Just before I went on vacation, I read a book called The Happiness Advantage, by Shawn Achor. I love reading books on leadership and personal development, and I always have a backlog of about 5 books ready to go when I finish the previous one. But The Happiness Advantage was not on my list. My wife actually got it from her boss. Once she finished reading it, I picked it up…and I could not put it down.
The Happiness Advantage centers on The 7 Principles of Positive Psychology That Fuel Success and Performance at Work. I really though this was just going to be study after study of random research. But Anchor is a great story teller. He took research, his own life experience, and created a framework for being positive and, maybe just as important, spreading that positivity. I also enjoyed that this was not solely for your personal life, but also your day-to-day work or professional life.
And about halfway through reading the 7 Principles Achor outlines, I knew I wanted to document it and start implementing them. So not only are these principles in my own life purpose playbook, but I wanted to help others by writing this blog post.
Now, a warning. If you plan on reading this book soon, maybe you should read it before reading my blog post, as I don’t want to ruin any surprises.
I’ll outline the 7 Principles from the book, and try to give my own story around them as well.
Principle 1: The Happiness Advantage
The first principle talks about ways we can improve our moods and raise our levels of happiness throughout the day. These are helpful to always keep in mind, as they are proven to raise serotonin levels, known as the happy chemical.
- Meditation: this is something that I’ve been committed to for the last 10 months or so. It’s still not easy for me to just relax and let go and focus on breathing. But I’ve become better at it the more I practice it. I try and do it at least 4-5 times per week. I am currently using the guided meditation free Headspace app. It’s really good for beginners.
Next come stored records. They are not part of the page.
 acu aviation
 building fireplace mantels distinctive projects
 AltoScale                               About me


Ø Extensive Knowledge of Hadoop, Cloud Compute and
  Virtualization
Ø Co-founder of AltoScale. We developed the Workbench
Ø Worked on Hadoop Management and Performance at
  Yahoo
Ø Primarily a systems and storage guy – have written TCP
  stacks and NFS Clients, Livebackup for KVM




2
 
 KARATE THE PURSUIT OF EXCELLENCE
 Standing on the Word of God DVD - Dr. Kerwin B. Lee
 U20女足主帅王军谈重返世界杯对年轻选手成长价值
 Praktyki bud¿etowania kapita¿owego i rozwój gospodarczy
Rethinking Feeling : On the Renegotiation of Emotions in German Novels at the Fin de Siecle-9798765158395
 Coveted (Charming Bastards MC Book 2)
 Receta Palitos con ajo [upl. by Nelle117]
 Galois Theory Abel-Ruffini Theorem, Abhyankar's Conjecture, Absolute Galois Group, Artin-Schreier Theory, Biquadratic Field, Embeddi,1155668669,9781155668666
I’ve also been reading articles on mediation and self reflection. How you tried meditation yet? Here’s a great beginners guide to meditation and here’s some additional reading on self reflection, which can be another powerful tool
- Find Something to Look Forward to: For me, I use travel, vacations, or weekend getaways as my reward.
- Commit Conscious Acts of Kindness: the author suggests to try this – pick a day, and commit to 5 acts of kindness, and do these deliberately and consciously. The other day I was at Starbucks, and there was a lady who had just ordered 2 cups of coffee, but her baby was sleeping in a car seat. She asked for a tray and I asked her if she needed help to the car. She said that would be great. After doing that act of kindness, I felt so good, and my day kept getting better. Just a small thing can change not only your own day, but someone else’s.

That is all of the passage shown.